Per-Tier Quota Enforcement With Redis

This guide builds the runnable path from an incoming API key to an enforced per-tier decision in Redis: resolve the key to a tier, load that tier’s limit, consume an atomic token bucket keyed by (account, tier), check the monthly quota, and emit the headers a client needs. It is the implementation companion to Tiered Access & Quota Enforcement, narrowed to one concrete build you can paste and run. The whole decision is a single Redis round-trip via a token bucket Lua script so it stays correct across stateless nodes.

The problem in concrete numbers

Suppose three plans share one fleet of 6 nodes behind a load balancer: free = 10 rps / 50k per month, pro = 100 rps / 5M per month, enterprise = 1,000 rps / uncapped. A pro key sending a 250-request burst should be allowed (its capacity is 300 tokens) but a free key sending the same burst should be cut at ~20. If the limiter resolved every key to one global bucket, or kept per-node buckets, a single pro key spread over 6 nodes could spend 600 rps — 6× its contract. Keying the bucket by (account, tier) in Redis and consuming atomically holds each account to exactly its tier’s number regardless of which node answers.

Decision table: how to key and enforce

Choice Option A Option B Use
Bucket key per API key per (account, tier) (account, tier) so all of an account’s keys share one limit
Atomicity INCR + EXPIRE (two calls) single Lua script Lua — no read-modify-write race, one round-trip
Rate algorithm fixed window token bucket token bucket — smooth bursts up to burst
Quota counter sliding log INCR with month TTL INCR for the gate; sliding log only if it bills (see below)
Unknown tier allow clamp to smallest clamp to free — never grant the largest reservoir by accident
Redis down fail-closed fail-open on rate fail-open rate, fail-closed quota

Step-by-step implementation

Build it in this order; each step is independently testable.

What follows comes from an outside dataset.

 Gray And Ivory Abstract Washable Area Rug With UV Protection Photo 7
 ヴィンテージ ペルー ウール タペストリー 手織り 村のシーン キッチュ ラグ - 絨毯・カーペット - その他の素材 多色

  • Load tier policies (rate, burst, quota
  • Resolve the incoming API key to {account, tier}
  • Compute the bucket key (account, tier) and the quota key (account, billing_month)
  • Map the returned decision to 200 / 429 / 402

1–3. Resolve the key and compute keys

# Python (redis-py). Resolve key -> tier, cache briefly, derive Redis keys.
import time, datetime, redis
r = redis.Redis(host="localhost", port=6379, decode_responses=True)

POLICIES = {
    "free":       {"rate": 10,   "burst": 20,   "quota": 50_000},
    "pro":        {"rate": 100,  "burst": 300,  "quota": 5_000_000},
    "enterprise": {"rate": 1000, "burst": 2000, "quota": -1},   # -1 = uncapped
}

_cache: dict[str, tuple[str, str, float]] = {}   # api_key -> (account, tier, exp)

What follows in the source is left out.